Audio Classification Example

This Python code snippet demonstrates how to train an audio segment classifier using WAV files organized into folders (each representing a different class), and then use the trained classifier to categorize an unknown audio WAV file.

from pyAudioAnalysis import audioTrainTest as aT
aT.extract_features_and_train(["classifierData/music","classifierData/speech"], 1.0, 1.0, aT.shortTermWindow, aT.shortTermStep, "svm", "svmSMtemp", False)
aT.file_classification("data/doremi.wav", "svmSMtemp","svm")
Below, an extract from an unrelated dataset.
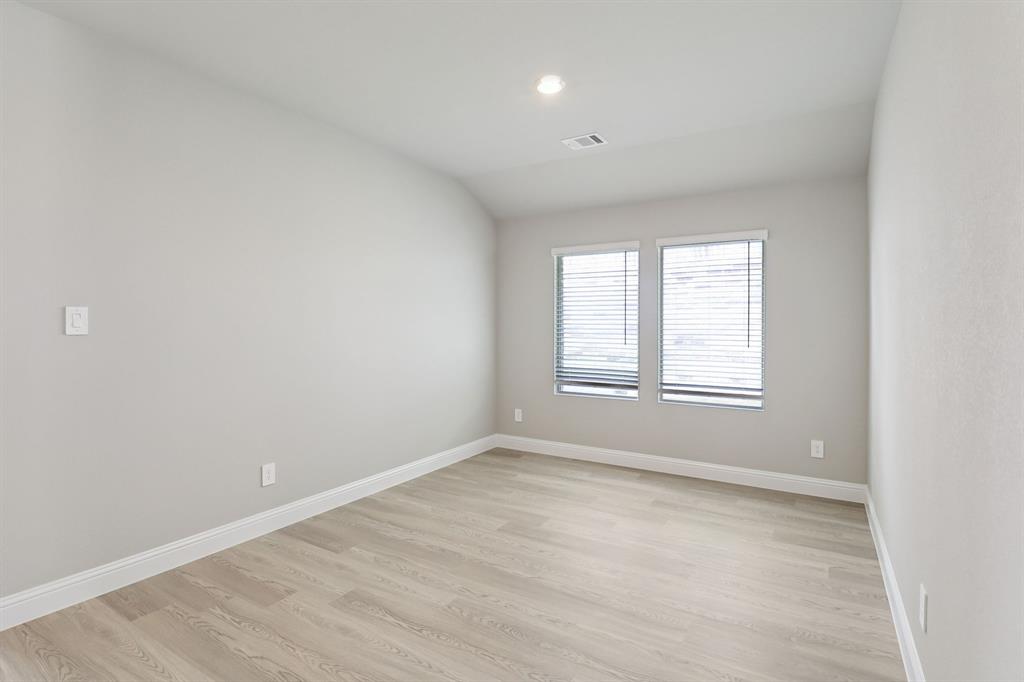 Lakehaven - Residential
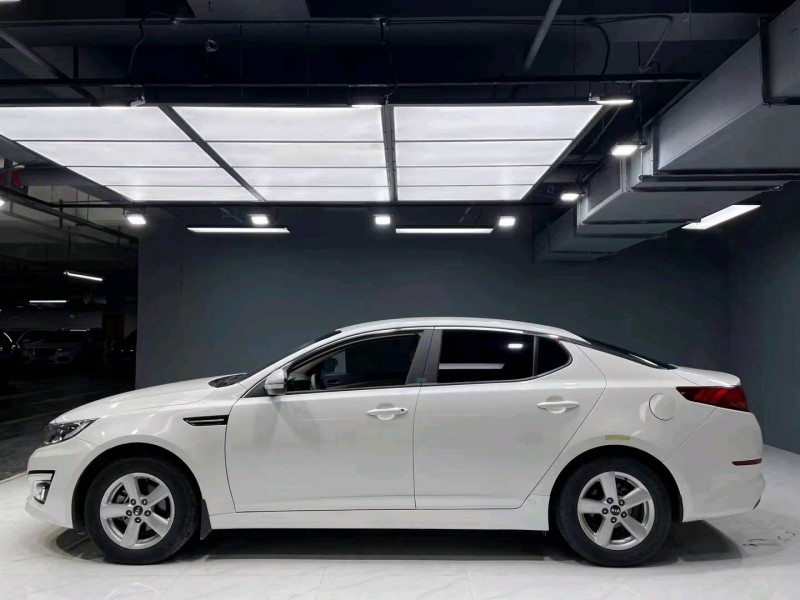 成都16年起亚K57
The result of the classification would be similar to: (0.0, array([ 0.90156761, 0.09843239]), ['music', 'speech'])

Command-Line Usage

For command-line enthusiasts, pyAudioAnalysis provides direct access to its features. For instance, to extract the spectrogram of an audio signal stored in a WAV file, you can use:

python audioAnalysis.py fileSpectrogram -i data/doremi.wav

For more detailed examples and comprehensive tutorials, refer to the official pyAudioAnalysis Wiki.

Why Use pyAudioAnalysis

pyAudioAnalysis stands out as a robust choice for audio analysis due to several key advantages:

Comprehensive Functionality: It covers a broad spectrum of audio analysis tasks, from basic feature extraction to advanced machine learning applications like classification, segmentation, and regression, all within a single library.
Ease of Use: The library is designed with user-friendliness in mind, offering simple Python wrappers and extensive command-line support, making it accessible to both beginners and experienced developers.
Machine Learning Integration: It seamlessly integrates various machine learning models, allowing users to train, evaluate, and deploy classifiers and regression models for diverse audio-related problems.
Active Development and Rich Resources: The project is actively maintained, as evidenced by recent news and updates. It also provides a wealth of documentation, including a detailed wiki and several insightful articles, to guide users.
Open-Source and Extensible: Being an open-source project, pyAudioAnalysis is freely available, encouraging community contributions and allowing for customization and extension to suit specific research or application needs.